Me reportant à cet article, j’ai quant à moi compris que son auteur y dénonçait la législation anglaise contre le terrorisme et que dans le cadre de son argumentation il signale que si le Terrorist Act de 2006 avait été en vigueur au moment de la guerre d’Espagne, les brigadistes auraient pu être passibles d’une peine de prison à vie, tout comme les volontaires qui partent rejoindre les rangs de Daesh aujourd’hui. L’usage que M. Couturier fait de cet article paraît donc plus que douteux…

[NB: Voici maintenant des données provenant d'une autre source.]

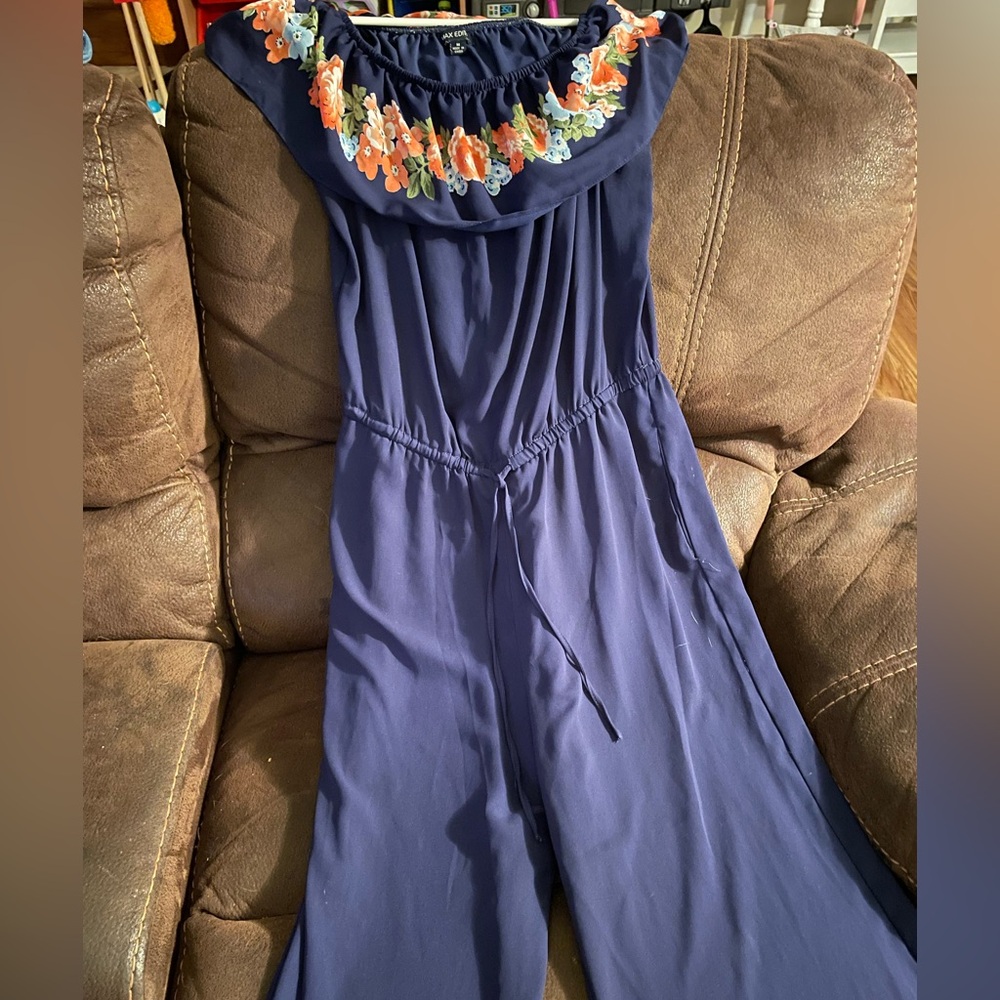 Max Edition Navy Jumpsuit with Off the Shoulder Floral Detail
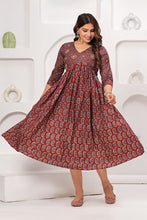 Alia Cut Dress Pure Cotton Printed Elegance with Hand Work on Yoke - Maroon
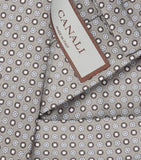 Canali silk medallion print tie 8cm, imported from the UK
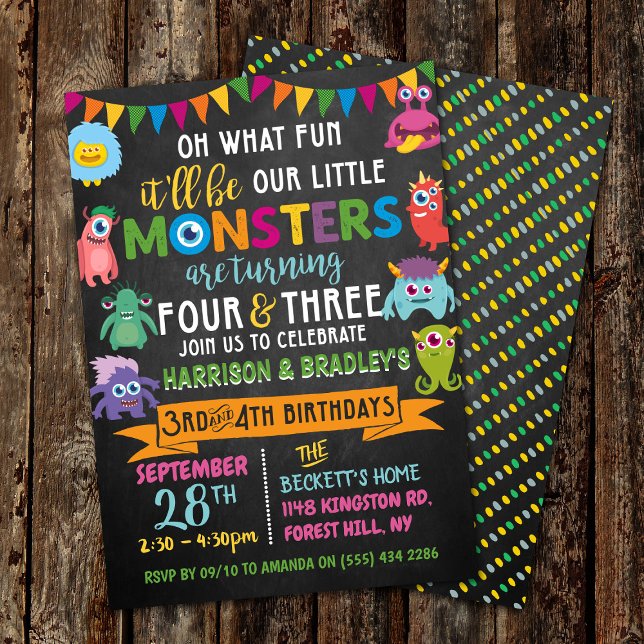 Little Monster Chalkboard 3rd & 4th Joint Birthday Invitation (Creator Uploaded)
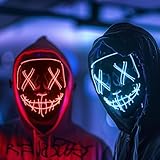 Halloween Maske 2 Stück, Led Maske Halloween 3 Beleuchtungsmodi, Glühende Horror Maske, Halloween...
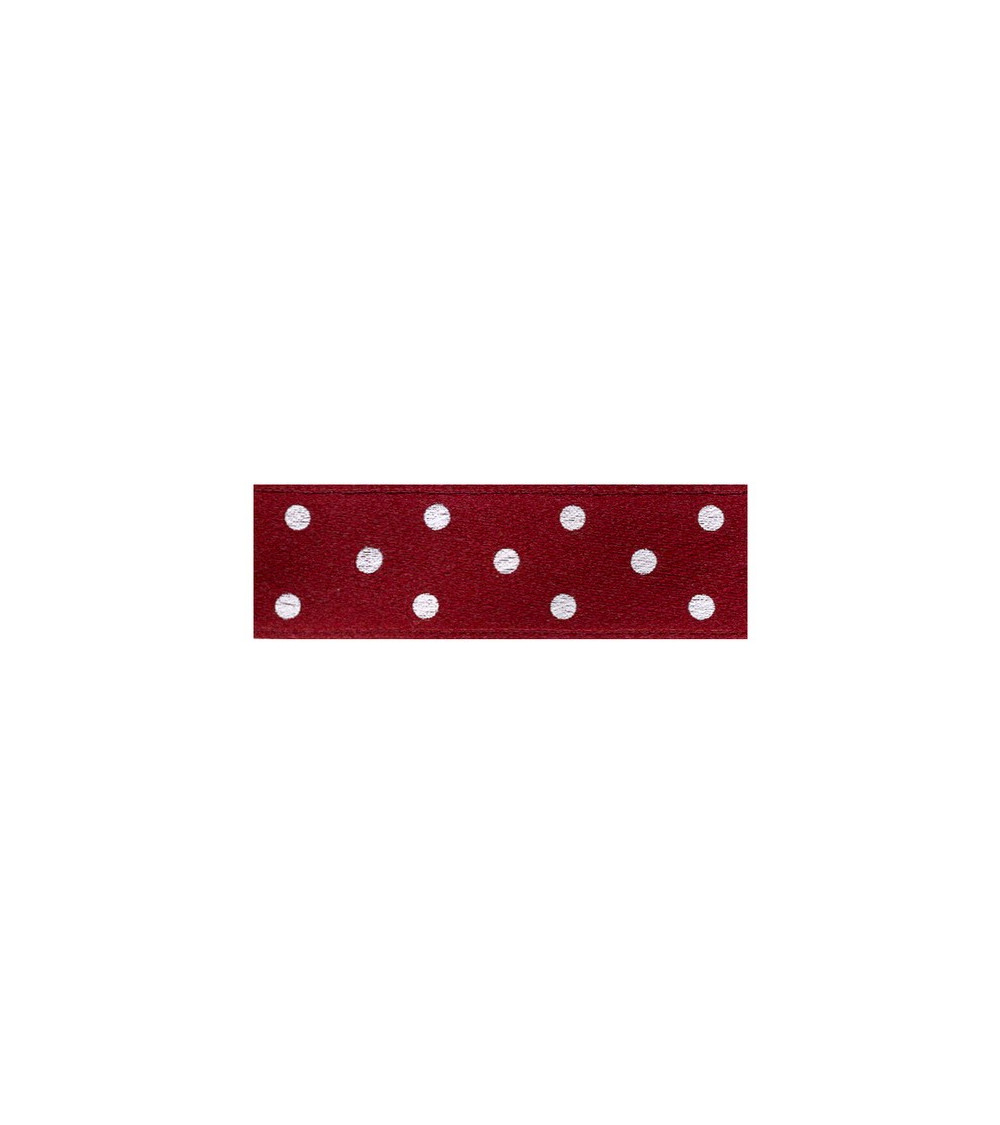 25m floppy disk double-sided ribbon with burgundy polka dots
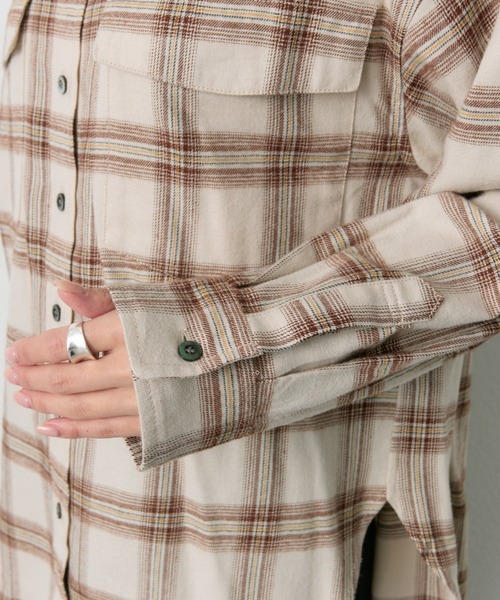 PUAL CE CIN（ピュアルセシン）の「ダブルポケット起毛チェックシャツ（シャツ/ブラウス・レディース・クリーム/ブラウン・FREE）」の11枚目の写真
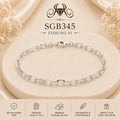 Classic Oval Curb-Link Sterling Silver Men's Bracelet - portrait view
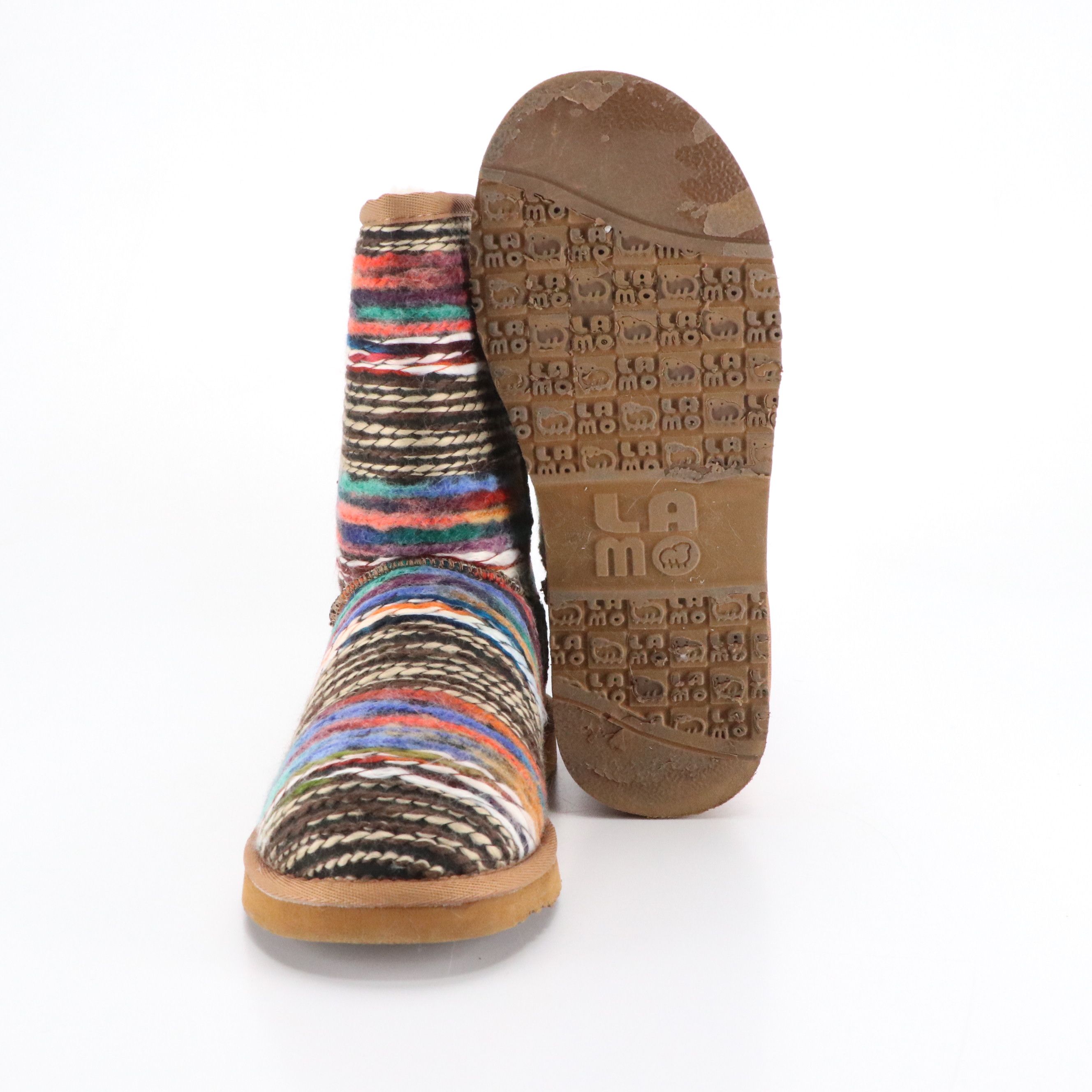 LAMO "Juarez" Sheepskin Lined Multicolor Yarn Boots, With Box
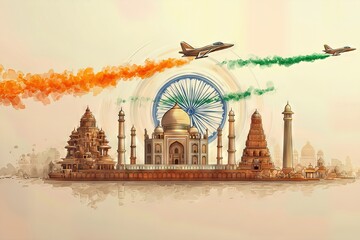 Patriotic India Independence Day Monument Celebration National Flag Tricolor Aircraft Freedom Struggle Heritage Culture Unity Diversity August 15th
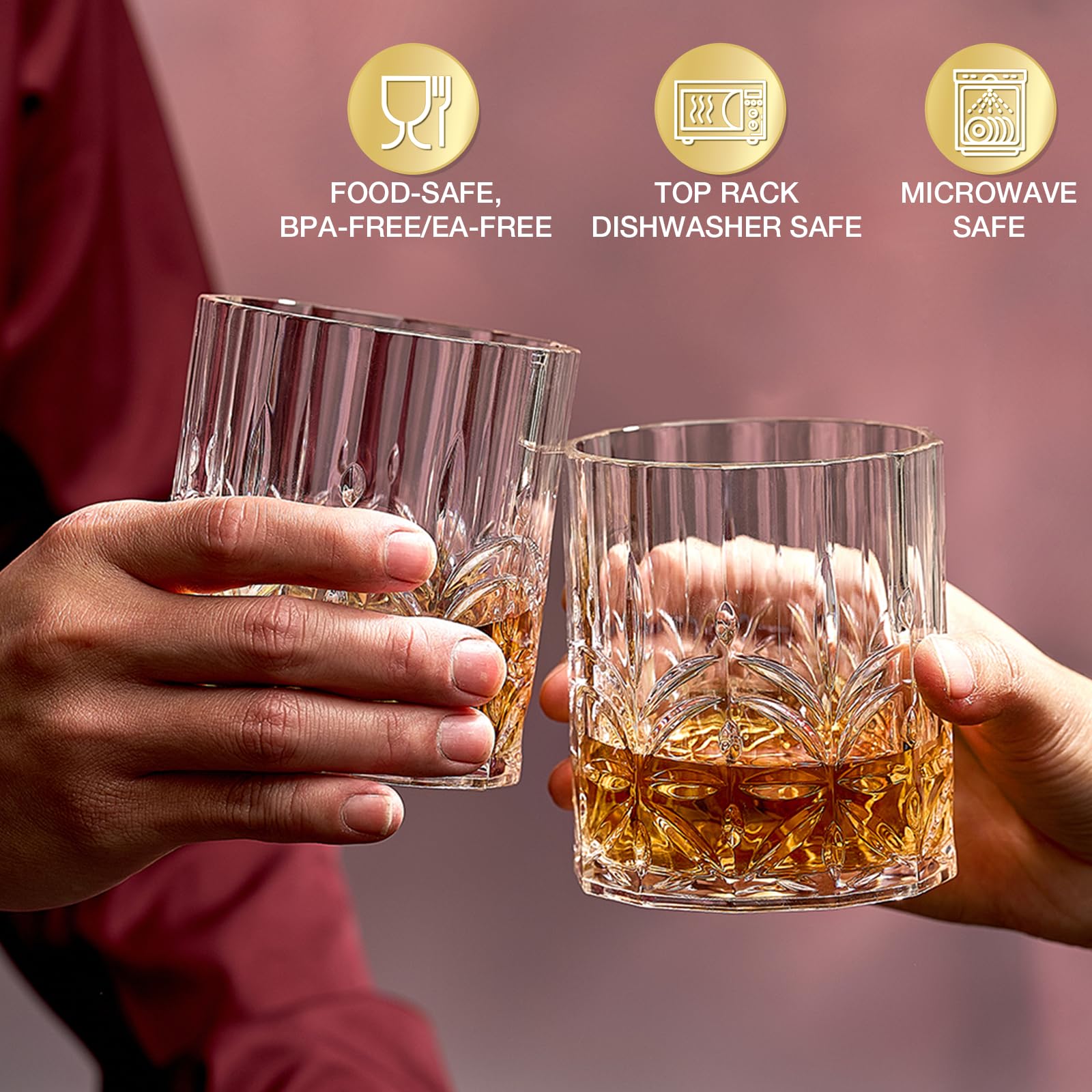 Hlukana Unbreakable Plastic Whiskey Glasses Set of 6, 14 Oz Old Fashioned Glasses for Scotch Cocktail Rum Bourbon Vodka Liquor, Unique Gifts for Men, Reusable, Clear, BPA-free, Dishwasher Safe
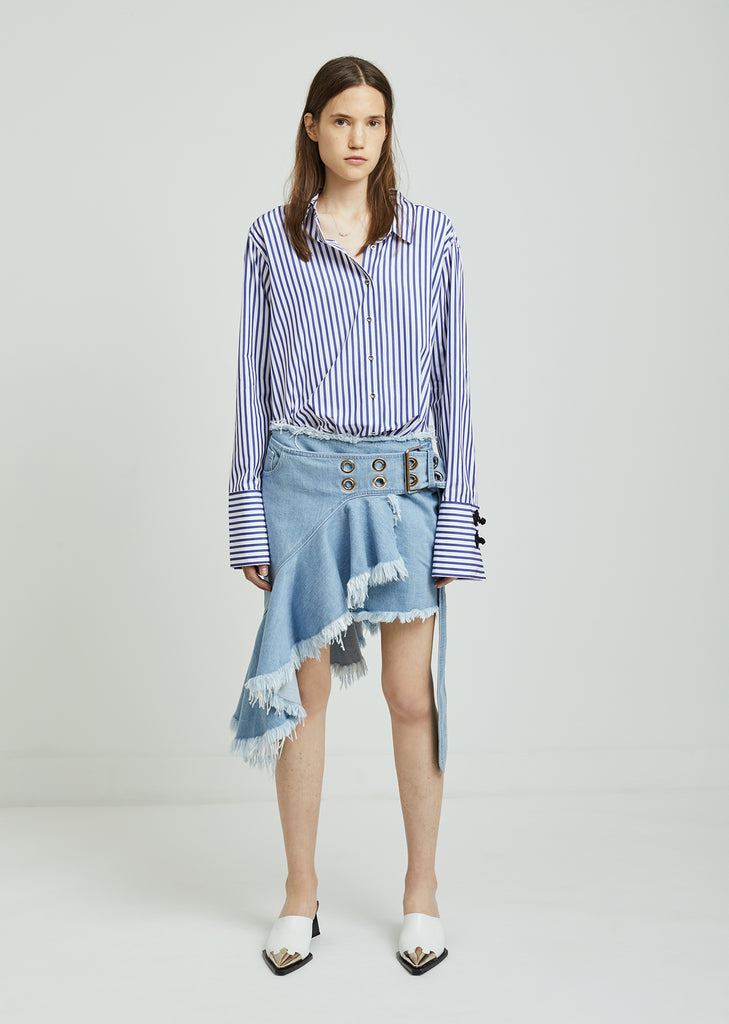 Wrap Buckle Frill Denim Skirt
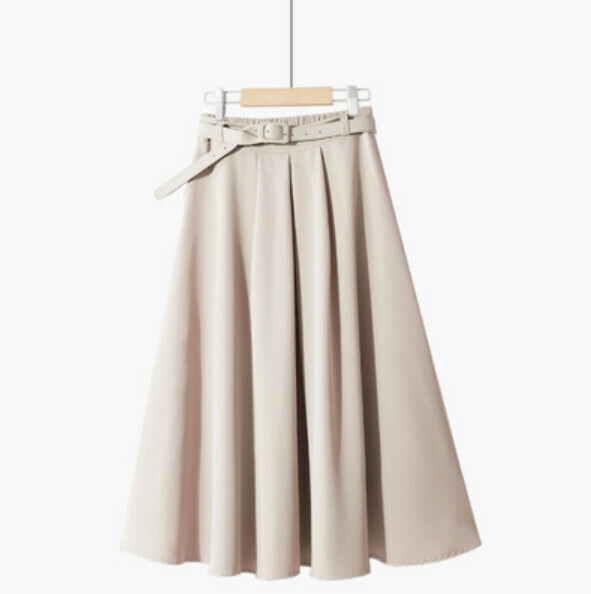 Chiffon skirt [Apricot narrow waistband-one-size elastic waistband]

Mais ici je voudrais chercher à comprendre pourquoi, lorsque j’ai entendu ces paroles, elles m’ont fait l’effet d’une piqûre venimeuse. Ce rapprochement repose sur de multiples approximations : ainsi entre  « transnationalisme » et internationalisme il y a plus qu’une nuance ; le marxisme n’est pas une « croyance » mais une philosophie (et il ne suffit pas de brandir Popper pour annuler Le Capital), se battre POUR la démocratie  ce n’est pas la même chose que se battre CONTRE la démocratie, c’est l’inverse, etc…Mais ce n’est pourtant pas seulement cela qui m’a fait bondir. Ce qu’il y a de foncièrement écoeurant dans cet amalgame, c’est qu’il aboutit à  vider de toute sa substance une noble cause pour la transformer en à peu près n’importe quoi. C’est qu’il ravale un combat pour un idéal d’émancipation humaine au rang d’une aventure fanatique et sordide ….Je vois là le pédant M. Couturier s’abriter derrière son scepticisme vainqueur, pour porter l’estocade finale : ce genre de combat pour l’émancipation humaine ne peut être inspiré que par un aveuglement fanatique et sombrer dans le massacre stalinien…. Somme toute, la « croyance » en l’émancipation humaine ne peut être inspirée que par un fanatisme qui vaut bien celui des coupeurs de tête de Daesh. Voilà où mènent les théories relativistes à la François Furet. A une conception de la liberté si étroite et si limitée .... qu'il paraît vain, voire fanatique, de vouloir se battre pour elle. Pauvre M. Couturier.